From the RSL, we travelled in to the city for the Anzac Day march. The navy had two ships in port and the forming up area was saturated with sailors. I think there were more of them in town than there ever were in the Spanish Armada. At least three sailors are above water, unlike those of the Spanish Amarda.
The number of fellow comrades from my Vietnam unit were down from previous years. We marched off earlier than the planned starting time and marched the distance of over a kilometre to the Shrine of Remembrance with continuous applause from the crowd watching the march. It makes me feel very proud of my service to receive this type of response for us veterans.
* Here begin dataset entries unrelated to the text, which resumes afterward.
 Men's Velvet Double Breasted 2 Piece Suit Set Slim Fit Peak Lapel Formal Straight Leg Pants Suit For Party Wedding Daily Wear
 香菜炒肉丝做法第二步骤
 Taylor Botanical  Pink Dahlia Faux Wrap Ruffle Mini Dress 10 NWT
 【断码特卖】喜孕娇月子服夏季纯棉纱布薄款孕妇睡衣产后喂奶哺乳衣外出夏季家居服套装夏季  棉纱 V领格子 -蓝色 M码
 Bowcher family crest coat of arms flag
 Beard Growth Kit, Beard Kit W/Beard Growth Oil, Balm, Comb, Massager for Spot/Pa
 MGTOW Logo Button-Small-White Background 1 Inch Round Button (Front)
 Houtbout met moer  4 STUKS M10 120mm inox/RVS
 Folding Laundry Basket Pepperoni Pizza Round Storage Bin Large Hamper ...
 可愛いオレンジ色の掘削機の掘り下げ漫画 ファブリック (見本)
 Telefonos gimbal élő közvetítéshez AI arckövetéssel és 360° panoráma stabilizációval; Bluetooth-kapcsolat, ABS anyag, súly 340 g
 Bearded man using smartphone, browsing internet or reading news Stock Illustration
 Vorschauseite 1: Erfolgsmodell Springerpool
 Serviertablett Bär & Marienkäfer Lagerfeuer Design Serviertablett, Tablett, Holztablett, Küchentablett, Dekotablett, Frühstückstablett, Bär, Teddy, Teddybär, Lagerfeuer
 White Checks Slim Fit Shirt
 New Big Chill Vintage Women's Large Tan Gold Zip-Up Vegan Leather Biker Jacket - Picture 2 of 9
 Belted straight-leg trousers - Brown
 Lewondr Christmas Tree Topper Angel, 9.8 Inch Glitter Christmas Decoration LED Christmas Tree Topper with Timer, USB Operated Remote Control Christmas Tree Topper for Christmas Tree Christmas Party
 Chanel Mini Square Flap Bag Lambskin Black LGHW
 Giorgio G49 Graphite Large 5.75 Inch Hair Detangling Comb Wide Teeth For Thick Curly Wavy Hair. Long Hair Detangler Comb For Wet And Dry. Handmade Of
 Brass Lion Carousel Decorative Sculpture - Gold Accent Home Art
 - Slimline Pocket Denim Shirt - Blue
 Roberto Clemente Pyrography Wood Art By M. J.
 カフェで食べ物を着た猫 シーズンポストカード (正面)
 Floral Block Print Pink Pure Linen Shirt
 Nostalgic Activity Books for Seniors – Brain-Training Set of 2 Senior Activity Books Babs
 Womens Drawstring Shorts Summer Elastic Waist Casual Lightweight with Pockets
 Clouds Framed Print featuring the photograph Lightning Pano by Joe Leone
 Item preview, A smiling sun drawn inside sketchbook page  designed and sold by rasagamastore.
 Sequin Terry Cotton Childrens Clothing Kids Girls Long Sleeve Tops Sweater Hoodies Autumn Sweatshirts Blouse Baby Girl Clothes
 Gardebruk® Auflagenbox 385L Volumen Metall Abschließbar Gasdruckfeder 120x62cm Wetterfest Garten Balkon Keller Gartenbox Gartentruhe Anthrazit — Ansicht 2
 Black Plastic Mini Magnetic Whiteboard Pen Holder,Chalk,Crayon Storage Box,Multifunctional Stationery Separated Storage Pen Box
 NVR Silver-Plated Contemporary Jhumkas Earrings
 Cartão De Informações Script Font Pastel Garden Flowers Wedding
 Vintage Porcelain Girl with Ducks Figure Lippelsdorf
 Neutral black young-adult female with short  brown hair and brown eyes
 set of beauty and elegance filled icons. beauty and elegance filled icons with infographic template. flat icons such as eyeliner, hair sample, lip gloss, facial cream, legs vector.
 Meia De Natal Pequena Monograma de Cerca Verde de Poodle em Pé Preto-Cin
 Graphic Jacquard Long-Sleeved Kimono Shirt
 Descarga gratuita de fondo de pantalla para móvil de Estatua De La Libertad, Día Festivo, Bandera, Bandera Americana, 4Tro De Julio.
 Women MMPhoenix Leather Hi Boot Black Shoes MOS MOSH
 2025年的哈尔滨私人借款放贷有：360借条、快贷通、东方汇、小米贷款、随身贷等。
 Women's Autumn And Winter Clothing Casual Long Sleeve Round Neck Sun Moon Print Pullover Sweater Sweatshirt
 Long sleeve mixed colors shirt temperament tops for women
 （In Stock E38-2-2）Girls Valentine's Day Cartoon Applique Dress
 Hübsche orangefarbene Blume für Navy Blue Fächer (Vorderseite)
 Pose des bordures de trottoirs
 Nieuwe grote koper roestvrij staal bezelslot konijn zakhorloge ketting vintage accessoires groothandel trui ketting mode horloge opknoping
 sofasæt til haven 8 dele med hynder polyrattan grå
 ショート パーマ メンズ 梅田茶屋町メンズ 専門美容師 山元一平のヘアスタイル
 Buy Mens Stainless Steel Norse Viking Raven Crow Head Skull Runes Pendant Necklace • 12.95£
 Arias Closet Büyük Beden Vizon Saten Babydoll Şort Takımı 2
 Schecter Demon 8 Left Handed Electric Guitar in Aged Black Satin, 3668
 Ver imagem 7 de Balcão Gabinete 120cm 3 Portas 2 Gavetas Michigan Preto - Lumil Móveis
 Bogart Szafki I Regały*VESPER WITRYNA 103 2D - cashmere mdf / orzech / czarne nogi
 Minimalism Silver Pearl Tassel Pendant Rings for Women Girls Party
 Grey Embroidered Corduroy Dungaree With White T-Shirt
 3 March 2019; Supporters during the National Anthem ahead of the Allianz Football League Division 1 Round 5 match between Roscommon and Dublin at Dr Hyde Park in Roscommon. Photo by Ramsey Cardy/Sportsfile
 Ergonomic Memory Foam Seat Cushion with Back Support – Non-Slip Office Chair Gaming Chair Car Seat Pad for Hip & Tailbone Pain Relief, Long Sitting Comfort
We were back at the Box Hill RSL by noon. I spent the rest of the day with fourteen friends and family having a long and slow lunch. It was enjoyable company and there is nothing much better than having one’s family around you.
We were entertained for a little while by one of the local Highland Pipe Bands who marched through the bistro playing a selection of tunes that I have never heard on bagpipes before – ‘I Still Call Australia Home’ was one of them. They were very noisy but wonderfully entertaining.
We finally finished lunch at around 4.00 pm and in a very happy mood, we letf for home.
This is our Melbourne Family – daughter Cathy, Jill, and grand daughters Kai and Audrey. I hope we can see our Perth family sometime later in the year.